The Internet is Littered With Terrible Relationship and Love Advice
And as a 33-year-old single man, I have no absolute answers for you either

Full disclaimer: I’m as single as they come. As single as single gets and I have been, happily, for a while now. So taking love advice from me probably doesn’t end in a dreamy destination wedding and picket white fence.
But at least I’m honest enough to just come out and say so.
Last time I checked, nobody is anywhere close to having love figured out well enough to be giving how-to-tutorials on relationships. It wouldn’t shock me to find out a few of these so-called and self-proclaimed love gurus were in the middle of nasty divorces. It’s more probable than them being in a perfect relationship, divorce statistics and common sense tell us this much.
Reading Words Do You No Good If You Don’t Take Action
For starters, nothing anyone has written or can write will lead to you finding the perfect relationship. Mainly because there’s no such thing as the perfect relationship.
Also though, because how could it? Sure a good, open, and honest article or post on relationships or love can help. It can help you improve yourself, your approach, and standards — but it can’t make initially approaching someone you’ve never met and asking them out or for their number any less awkward or intimidating.
No article you’ll read online or elsewhere will provide you with the courage and willingness it takes to put yourself out there to a stranger, or anyone else — and potentially be rejected.
That goes for this one and everything else I’ve written as well — despite the fact my posts on relationships and love have ironically performed and earned far better than almost everything else I have written about online.
Only you can get over your insecurities, overcome your irrational but natural fear of approaching a potential love interest and asking them out.

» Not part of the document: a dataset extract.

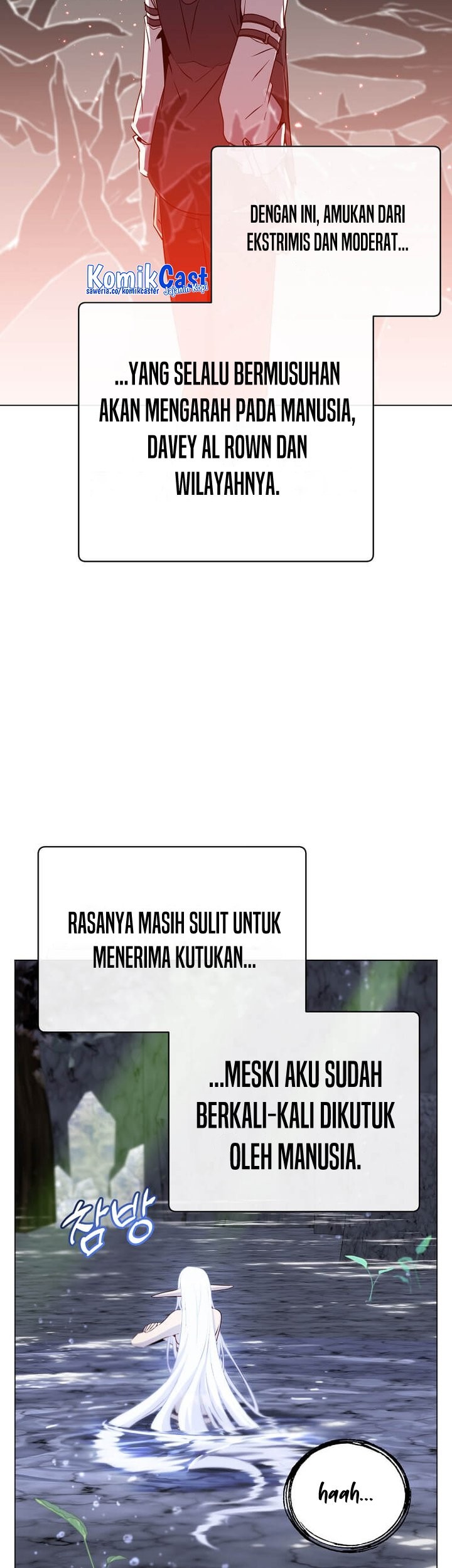 The MAX leveled hero will return! Chapter 149 - halaman 53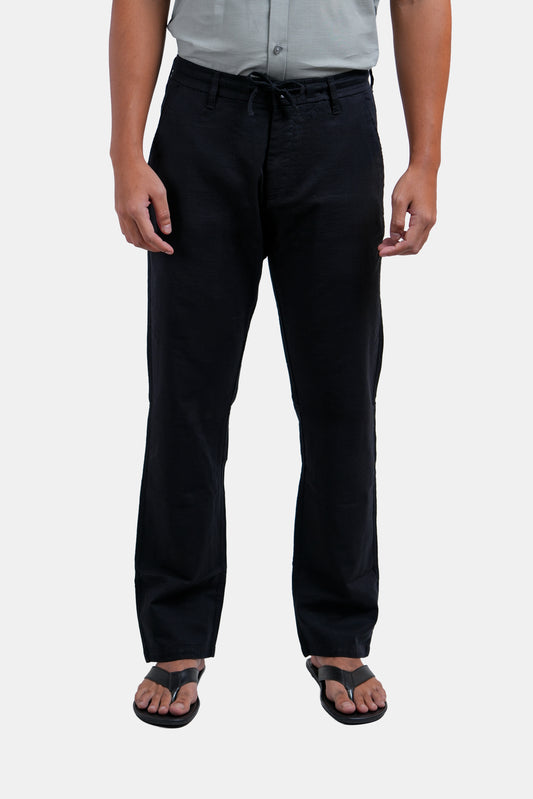 King Street Men's Linen Trousers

It is action and only action that will lead to a relationship — if you’re into that sorta thing. While reading the right words beforehand, or saying the perfect ones at the perfect time can help — execution is still what matters most.
The Problem With Most Relationship Advice Online
To put it plainly, most of it is non-sensical bullshit. It is designed to sell you a dream.
It plays on both your desires and fears, is riddled with keywords, with a misleading title plastered at the top. Almost proudly.
The kind that could serve as the poster boy for click-bait and one the article itself rarely delivers on.
Most of it is written to help the author and publication or website, not the reader.
It is created thoughtlessly by people who are probably super talented writers, but their work gets watered down by corporate editors, politically correct publishers, and digital publications who have advertisers tho think about.
Entities and individuals who are only concerned with their bottom line and not offending anyone — as opposed to providing actual value and genuine stories to their readers.
Nobody Knows Nothin’
The truth is, these so-called professors of love and relationship “experts” are as clueless as the rest of us on the subject.
While we can gain plenty of helpful insights and perspectives from a good article or post about relationships, one where the writer is being authentic and open rather than condescending, at the end of the day we have to throw ourselves into the fray and take a chance if we ever hope to land in even a half-decent relationship — and maybe even learn a thing or two while we’re at it if we’re lucky.